### What is expected
Copy every line in the records below that contains the word "with".

### Input
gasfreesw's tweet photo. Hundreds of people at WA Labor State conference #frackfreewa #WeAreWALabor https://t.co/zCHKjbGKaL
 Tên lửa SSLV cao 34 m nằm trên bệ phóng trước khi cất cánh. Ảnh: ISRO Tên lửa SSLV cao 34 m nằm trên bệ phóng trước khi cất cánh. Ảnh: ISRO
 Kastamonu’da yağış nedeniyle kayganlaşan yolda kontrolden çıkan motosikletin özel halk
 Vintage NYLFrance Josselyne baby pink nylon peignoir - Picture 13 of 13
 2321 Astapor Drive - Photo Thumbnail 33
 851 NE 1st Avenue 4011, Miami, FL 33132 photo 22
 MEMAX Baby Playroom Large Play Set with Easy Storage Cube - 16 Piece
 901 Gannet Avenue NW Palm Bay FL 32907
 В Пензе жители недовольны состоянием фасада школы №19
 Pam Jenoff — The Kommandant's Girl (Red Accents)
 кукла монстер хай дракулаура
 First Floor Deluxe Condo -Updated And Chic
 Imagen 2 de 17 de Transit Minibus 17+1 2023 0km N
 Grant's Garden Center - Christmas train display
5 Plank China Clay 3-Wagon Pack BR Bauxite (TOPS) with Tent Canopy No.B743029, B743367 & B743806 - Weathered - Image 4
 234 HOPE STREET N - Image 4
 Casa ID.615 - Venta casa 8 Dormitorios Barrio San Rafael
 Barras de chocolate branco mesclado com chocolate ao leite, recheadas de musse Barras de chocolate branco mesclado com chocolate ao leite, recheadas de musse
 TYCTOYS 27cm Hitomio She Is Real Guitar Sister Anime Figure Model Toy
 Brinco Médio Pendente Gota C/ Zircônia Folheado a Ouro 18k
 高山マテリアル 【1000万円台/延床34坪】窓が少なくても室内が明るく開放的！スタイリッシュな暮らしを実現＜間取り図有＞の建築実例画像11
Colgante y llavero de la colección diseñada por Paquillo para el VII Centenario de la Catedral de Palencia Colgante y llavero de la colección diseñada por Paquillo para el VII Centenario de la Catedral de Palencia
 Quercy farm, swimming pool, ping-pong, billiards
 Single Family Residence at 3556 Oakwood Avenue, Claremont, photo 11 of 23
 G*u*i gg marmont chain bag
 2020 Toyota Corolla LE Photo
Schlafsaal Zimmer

### Reply to the exercise
 MEMAX Baby Playroom Large Play Set with Easy Storage Cube - 16 Piece
5 Plank China Clay 3-Wagon Pack BR Bauxite (TOPS) with Tent Canopy No.B743029, B743367 & B743806 - Weathered - Image 4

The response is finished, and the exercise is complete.